In certain cases, automakers and dealers include a subscription to our radio services in the sale or lease price of new or previously owned vehicles. The length of these trial subscriptions varies but is typically three to twelve months. We receive subscription payments for these trials from certain automakers. We also reimburse various automakers for certain costs associated with satellite radios installed in new vehicles.

Basis of Presentation
The accompanying unaudited consolidated financial statements have been prepared in accordance with U.S. generally accepted accounting principles (“GAAP”), the instructions to Form 10-Q and Article 10 of Regulation S-X of the United States Securities and Exchange Commission ("SEC") for interim financial reporting. Certain information and footnote disclosures normally included in the financial statements presented in accordance with GAAP have been condensed or omitted pursuant to such rules and regulations.

Our financial statements include the consolidated accounts for Holdings and subsidiaries and the accompanying consolidated financial statements of Sirius XM and subsidiaries, whose operating results and financial position are consolidated into Holdings. The unaudited consolidated balance sheets and unaudited consolidated statements of comprehensive income for Holdings, and combined footnotes, are essentially identical to the unaudited consolidated balance sheets and unaudited consolidated statements of comprehensive income for Sirius XM, with the following exceptions:

The fair value of the remaining obligations under the share repurchase agreement with Liberty Media is recorded in Holdings' unaudited consolidated balance sheets, with changes in fair value recorded in Holdings' unaudited statements of comprehensive income. Refer to Note 14 for additional information related to the share repurchase agreement.
The fair value in excess of the carrying amount associated with the conversion feature for the 7% Exchangeable Senior Subordinated Notes due 2014 is recorded in Sirius XM's unaudited consolidated balance sheets, with changes in fair value recorded in Sirius XM's unaudited statements of comprehensive income. This is eliminated in Holdings' unaudited consolidated balance sheets and unaudited statements of comprehensive income.
As a result of our corporate reorganization effective November 15, 2013, all of the outstanding shares of Sirius XM's common stock were converted, on a share for share basis, into identical shares of common stock of Holdings.
    
With the exception of the items noted above, all significant intercompany transactions and balances between Holdings and Sirius XM and their respective consolidated subsidiaries are eliminated in both sets of unaudited consolidated financial statements. In the opinion of management, all normal recurring adjustments necessary for a fair presentation of our unaudited consolidated financial statements as of March 31, 2014 and for the three months ended March 31, 2014 have been made.

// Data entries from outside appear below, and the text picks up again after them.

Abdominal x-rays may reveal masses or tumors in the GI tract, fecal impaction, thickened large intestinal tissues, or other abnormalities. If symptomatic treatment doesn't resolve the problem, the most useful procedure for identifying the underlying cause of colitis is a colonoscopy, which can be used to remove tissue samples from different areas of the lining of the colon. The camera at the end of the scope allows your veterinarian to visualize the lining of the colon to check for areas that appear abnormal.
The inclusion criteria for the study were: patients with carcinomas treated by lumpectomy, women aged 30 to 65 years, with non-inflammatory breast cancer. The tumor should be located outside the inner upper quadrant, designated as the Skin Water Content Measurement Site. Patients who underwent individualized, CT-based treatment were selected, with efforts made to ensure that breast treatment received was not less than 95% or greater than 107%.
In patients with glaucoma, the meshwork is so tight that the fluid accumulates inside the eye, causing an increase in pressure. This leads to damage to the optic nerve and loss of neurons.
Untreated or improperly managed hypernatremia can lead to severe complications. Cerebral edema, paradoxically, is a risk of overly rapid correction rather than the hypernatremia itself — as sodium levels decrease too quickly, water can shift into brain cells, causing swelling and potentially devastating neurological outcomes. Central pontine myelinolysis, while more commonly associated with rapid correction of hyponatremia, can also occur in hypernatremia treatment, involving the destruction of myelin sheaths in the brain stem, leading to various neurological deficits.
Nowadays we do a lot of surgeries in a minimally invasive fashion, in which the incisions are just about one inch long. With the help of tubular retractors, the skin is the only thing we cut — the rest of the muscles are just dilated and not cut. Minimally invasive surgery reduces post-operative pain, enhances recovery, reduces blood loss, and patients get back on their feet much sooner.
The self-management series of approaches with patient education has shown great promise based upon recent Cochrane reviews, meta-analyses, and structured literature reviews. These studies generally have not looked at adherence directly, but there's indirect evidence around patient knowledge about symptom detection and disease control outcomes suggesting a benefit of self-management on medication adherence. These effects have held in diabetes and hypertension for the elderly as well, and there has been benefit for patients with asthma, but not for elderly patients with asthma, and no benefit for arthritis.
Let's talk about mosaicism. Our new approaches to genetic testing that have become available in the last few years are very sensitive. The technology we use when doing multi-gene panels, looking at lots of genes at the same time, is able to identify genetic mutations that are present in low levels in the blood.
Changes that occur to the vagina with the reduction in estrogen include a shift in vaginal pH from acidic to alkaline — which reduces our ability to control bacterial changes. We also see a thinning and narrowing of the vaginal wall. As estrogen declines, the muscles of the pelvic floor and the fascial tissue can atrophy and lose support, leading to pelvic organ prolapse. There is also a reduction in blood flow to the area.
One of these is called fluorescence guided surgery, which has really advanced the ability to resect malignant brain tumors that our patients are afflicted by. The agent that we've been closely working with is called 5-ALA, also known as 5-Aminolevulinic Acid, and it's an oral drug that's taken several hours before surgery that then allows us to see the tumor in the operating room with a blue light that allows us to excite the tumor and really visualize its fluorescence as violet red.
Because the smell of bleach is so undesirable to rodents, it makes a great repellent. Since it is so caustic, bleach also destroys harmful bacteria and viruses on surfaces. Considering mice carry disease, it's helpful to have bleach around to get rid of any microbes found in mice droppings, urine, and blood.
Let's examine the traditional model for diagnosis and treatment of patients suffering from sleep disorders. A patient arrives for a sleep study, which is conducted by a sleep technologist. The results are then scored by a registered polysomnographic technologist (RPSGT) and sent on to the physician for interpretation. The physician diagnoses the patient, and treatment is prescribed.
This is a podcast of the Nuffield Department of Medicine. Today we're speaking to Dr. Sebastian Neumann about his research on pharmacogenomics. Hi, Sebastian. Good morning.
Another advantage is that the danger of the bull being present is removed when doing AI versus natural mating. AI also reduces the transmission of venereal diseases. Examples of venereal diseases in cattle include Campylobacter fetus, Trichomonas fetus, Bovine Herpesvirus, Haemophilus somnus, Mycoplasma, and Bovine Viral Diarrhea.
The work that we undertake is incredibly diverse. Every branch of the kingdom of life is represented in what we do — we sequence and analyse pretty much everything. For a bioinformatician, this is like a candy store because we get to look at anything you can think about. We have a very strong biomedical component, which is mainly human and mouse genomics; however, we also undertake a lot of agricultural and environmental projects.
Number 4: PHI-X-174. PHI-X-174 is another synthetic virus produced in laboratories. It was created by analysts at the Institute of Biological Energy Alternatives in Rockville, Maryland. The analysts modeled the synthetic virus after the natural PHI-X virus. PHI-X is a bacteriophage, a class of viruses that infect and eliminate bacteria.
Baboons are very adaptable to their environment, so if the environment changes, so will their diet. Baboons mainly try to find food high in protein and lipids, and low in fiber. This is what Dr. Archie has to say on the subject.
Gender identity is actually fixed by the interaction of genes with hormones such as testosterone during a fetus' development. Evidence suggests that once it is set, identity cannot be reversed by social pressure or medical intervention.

Interim results are not necessarily indicative of the results that may be expected for a full year. This Quarterly Report on Form 10-Q should be read together with our Annual Report on Form 10-K for the year ended December 31, 2013, which was filed with the SEC on February 4, 2014.

We have evaluated events subsequent to the balance sheet date and prior to the filing of this Quarterly Report on Form 10-Q for the three months ended March 31, 2014 and have determined that no events have occurred that would require adjustment to our unaudited consolidated financial statements. For a discussion of subsequent events refer to Note 18.
Use of Estimates
The preparation of financial statements in conformity with GAAP requires management to make estimates and assumptions that affect the amounts reported in the financial statements and footnotes. Estimates, by their nature, are based on judgment and available information. Actual results could differ materially from those estimates. Significant estimates inherent in the preparation of the accompanying unaudited consolidated financial statements include asset impairment, depreciable lives of our satellites, share-based payment expense, and income taxes.